BIG though China is for gold these days, India has remained the elephant shut out of the room.
Hence Thursday morning's pop in London prices. Quickly up $10 per ounce, and then another $10 on top, gold gained after news broke that Sonia Gandhi, leader of India's Congress Party, apparently wrote to the government, asking to ease its anti-import rules.
Gandhi's party, the Indian National Congress, is actually in charge, leading New Delhi's coalition. But Gandhi heads the party, not the government. The prime minister's job went to 81-year old Manmohan Singh (who's stepping down this spring). And the anti-gold policy...aimed at cutting India's huge balance of trade deficit...belongs to finance minister Palaniappan Chidambaram, enforced by the Reserve Bank.
That policy is "working," says the government. Which is true, if by "working" you mean a huge surge in illegal gold, forcing ever-more Indian businesses and households to deal with the black market. Official imports collapsed in the second-half of 2013. So the trade deficit is down on the official data.
But India continues to pull in huge quantities of metal, as ever-more businesses and households are forced to deal with smuggled gold. The legal industry, employing perhaps 2.5 million people, is suffering. And with national elections coming in May, gold has become a hot topic.
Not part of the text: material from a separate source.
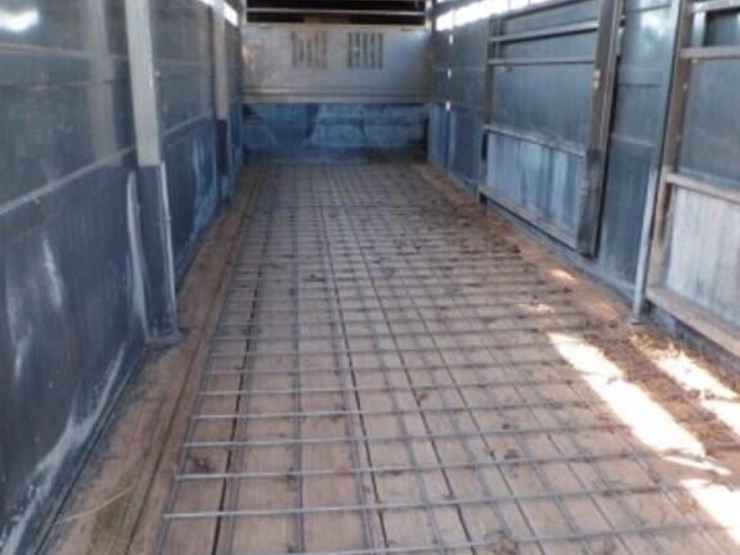 2008-titan-trailer-image-16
So finance minister Chidambaram finds himself in a corner. He has repeatedly said there is zero chance of a change to the anti-import rules until at least end-February's budget. Now, with opposition leader Narendra Modi of the BJP already claiming victory for May, Gandhi is asking the government to try and catch up, easing restrictions before voters head to the polls.
Too little, too late for Congress? Put aside the threat of a nuclear power being led by an international pariah (seen as being "soaked in blood," Modi is barred from the United States). The re-entry of India to the world's gold market, everyone says, would see pent-up demand drive or at least buoy prices. (Just check the references in this week's otherwise bearish LBMA 2014 forecasts.)
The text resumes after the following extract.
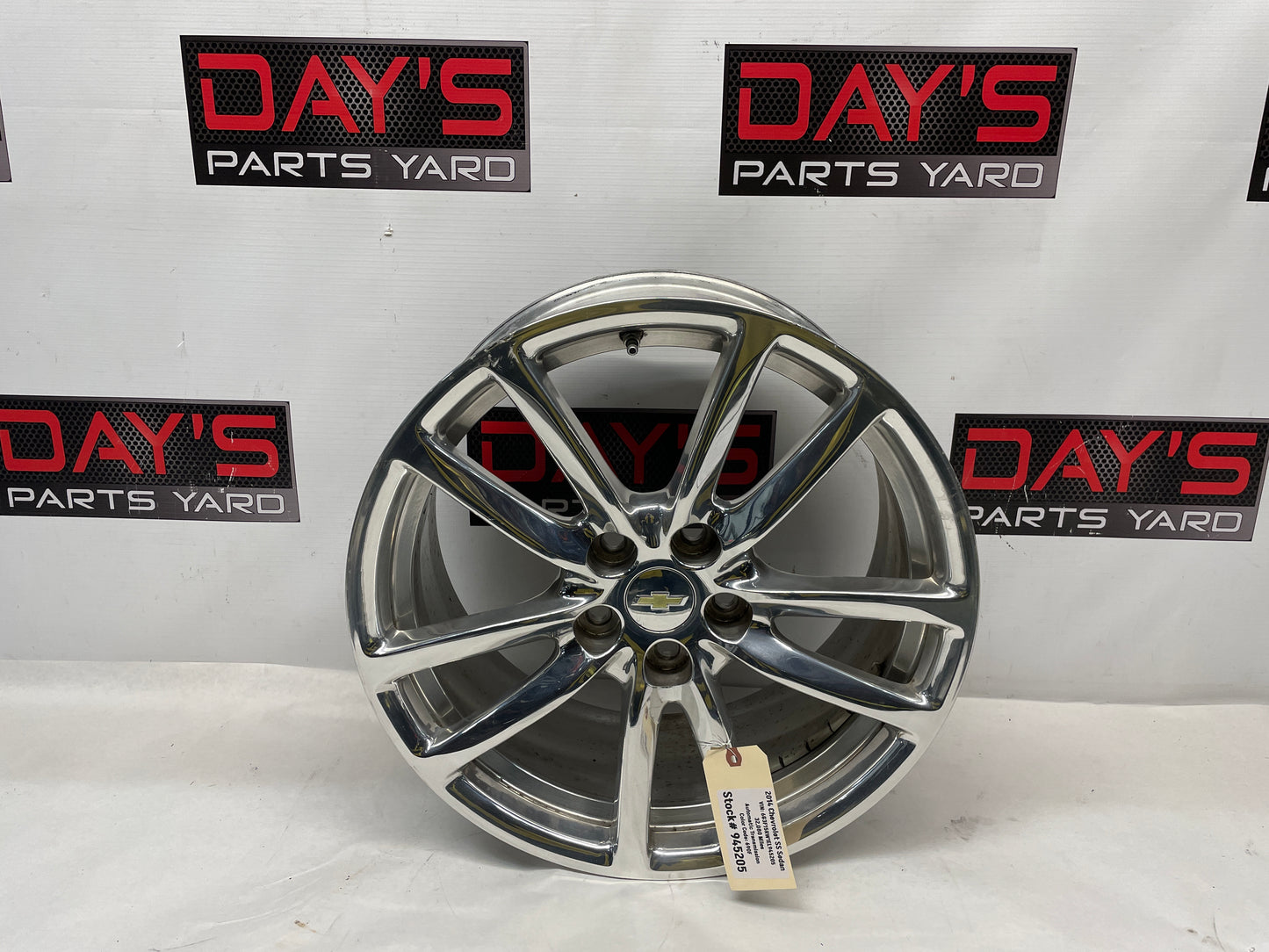 2014 Chevy SS Sedan Factory OEM Rear Wheel 19X9 - Day's Parts Yard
Maybe. Since last summer, 20% of all new gold imports to India must be re-exported before the other 80% can be sold to domestic buyers. On top of strict financing rules (plus an outright ban on imports of gold coins for investment, as well as tax-advantages for India's now-growing refinery industry) this has effectively shut India out of the global gold market.
Yet the gold price crash of 2013 was all done by end-June. Up to that point, India was on track for record-high imports of legal metal. Illegal flows have jumped since, but they're unlikely to match the quantities bought during the first-half's 30% price drop. So the fact remains that Indian gold consumption, like China's record year of 2013, failed to stem or reverse the crash sparked by Western funds selling.
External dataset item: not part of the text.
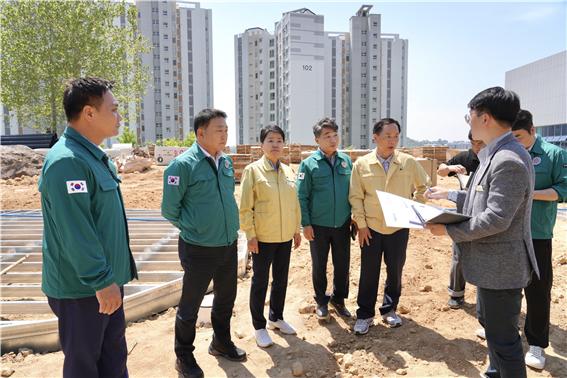 남구의회 사회건설위원회가 반다비체육센터 야영장 조성사업 현장을 방문했다. /남구의회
Here now in 2014, the finance minister has again denied any move before next month's budget. But this May's national elections, when Gandhi's Congress Party is expected to lose (badly), will only make gold in India more political still. BJP challenger Modi has repeatedly played gold as a theme, appealing both to India's deep love for and commerce in bullion. So in a way, the election will pit 2.5 million jewellery workers against New Delhi's bureaucrats.
Getting elected and being in power are very different things, however. The finance ministry wants to fix the trade deficit (and weak Rupee) by blocking trade (instead of raising interest rates). If Modi repeals the gold bans as promised, but doesn't reform India's broader economic problems, expect a lot of fresh Indian demand as a financial escape.
Unlike consumer jewelry buying, that's just the kind of demand which really does move prices.